Terzaghi et al. (1948) experimentally found that α = 1 and Poisson’s ratio can be found from sonic velocities as follows:
$$\vartheta = \frac{{1 - 2\left( {\frac{{V_{\text{s}} }}{{V_{\text{c}} }}} \right)^{2} }}{{2\left( {1 - \frac{{V_{\text{s}} }}{{V_{\text{c}} }}} \right)^{2} }},$$
where \(V_{\text{s}}\) is shear wave velocity (µs/ft) and \(V_{\text{c}}\) compressional wave velocity (µs/ft)
But differentiation of shear wave from compression wave is difficult. Anderson made the broad assumption that ‘Poisson’s ratio is a function of the shaliness of the sand since the shale would act essential as a plastic bonding agent’. The estimation of the shale content of the sand from sonic and density logs was accomplished using a shale index:
$$I_{\text{sh}} = \frac{{\emptyset_{\text{s}} - \emptyset_{\text{D}} }}{{\emptyset_{\text{s}} }},$$
where \(\emptyset_{\text{s}}\) is sonic log porosity and \(\emptyset_{\text{D}}\) density log porosity.

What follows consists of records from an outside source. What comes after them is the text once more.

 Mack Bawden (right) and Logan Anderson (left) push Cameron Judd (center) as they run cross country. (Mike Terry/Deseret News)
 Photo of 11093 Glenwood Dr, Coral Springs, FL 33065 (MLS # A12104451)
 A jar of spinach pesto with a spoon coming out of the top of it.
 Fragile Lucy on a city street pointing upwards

Optimal mud weight selection: median line principle

Selection of the mud weight can be done by many ways. One way is to blindly assume certain amount of fixed overbalance (normally 200–500 psi) to account for the surge and swab pressures. But it will be more reasonable if the mud weight selection is based on the borehole geomechanics, because borehole geomechanics reduces the possible borehole failures by accounting in situ stresses.

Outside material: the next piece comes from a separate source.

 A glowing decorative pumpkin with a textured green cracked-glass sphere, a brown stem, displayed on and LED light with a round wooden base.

Normally, stresses acting on the borehole well are vertical stress, radial stress and tangential stress which are equal to overburden pressure, pore pressure and hoop stress, respectively.

When the borehole pressure is lesser than the formation pressure, shear stress will appear due to the difference between radial stress and tangential stress and lead to borehole collapse. When the borehole pressure is higher, tangential stress goes into tension. As rocks are weak in tension, it results in tensile failure in the form of axial fracture. So it is clear that higher and lower mud weight produces abnormal stresses and pushes the borehole into failure state. So, the mud weight has to be selected in such a way that there is no abnormal stress induced or in other words mud weight should be equal to the in situ horizontal stresses.

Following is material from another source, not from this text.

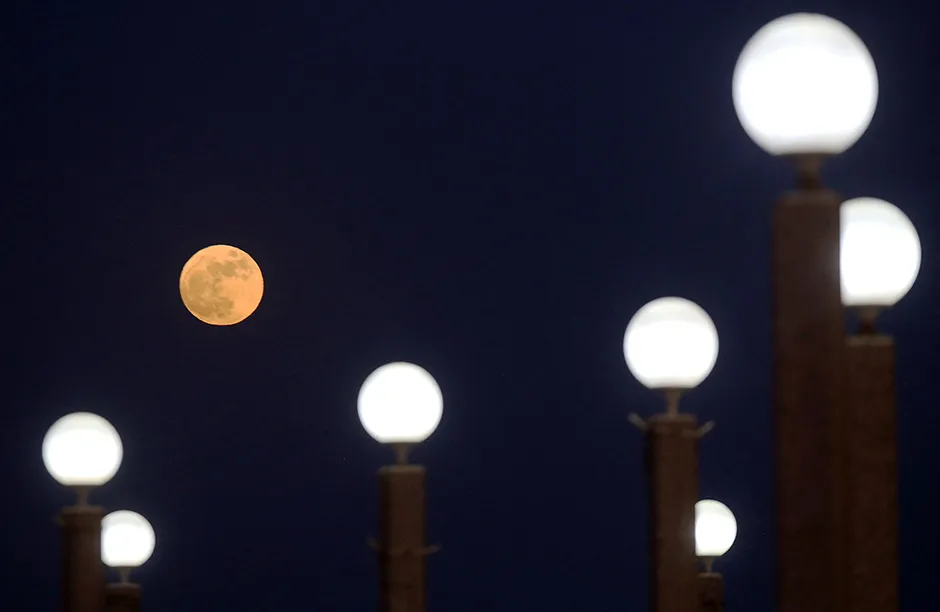 The full Strawberry moon, the last super moon of the year, rises above Kuwait City, on June 24, 2021. (Photo by YASSER AL-ZAYYAT / AFP) (Photo by YASSER AL-ZAYYAT/AFP via Getty Images)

In borehole, fracture occurs when the effective hoop stress of effective tangential stress becomes zero. At that point, borehole pressure will be equal to the fracture pressure and it can be expressed as:
$$\sigma_{\varphi } - P_{\text{p}} = 0 \Rightarrow 2\sigma_{{{\text{H}},\;{\text{Avg}}}} - P_{\text{w}} - P_{\text{f}} = 0 \Rightarrow \sigma_{{{\text{H}},\;{\text{Avg}}}} = \frac{1}{2}\left( {P_{\text{w}} + P_{\text{f}} } \right),$$
where \(\sigma_{\varphi } = 2\sigma_{{{\text{H}},\;{\text{Avg}}}} - P_{\text{w}}\) is tangential stress, \(P_{\text{w}}\) wellbore pressure, and \(\sigma_{{{\text{H}},\;{\text{Avg}}}}\) average horizontal stress.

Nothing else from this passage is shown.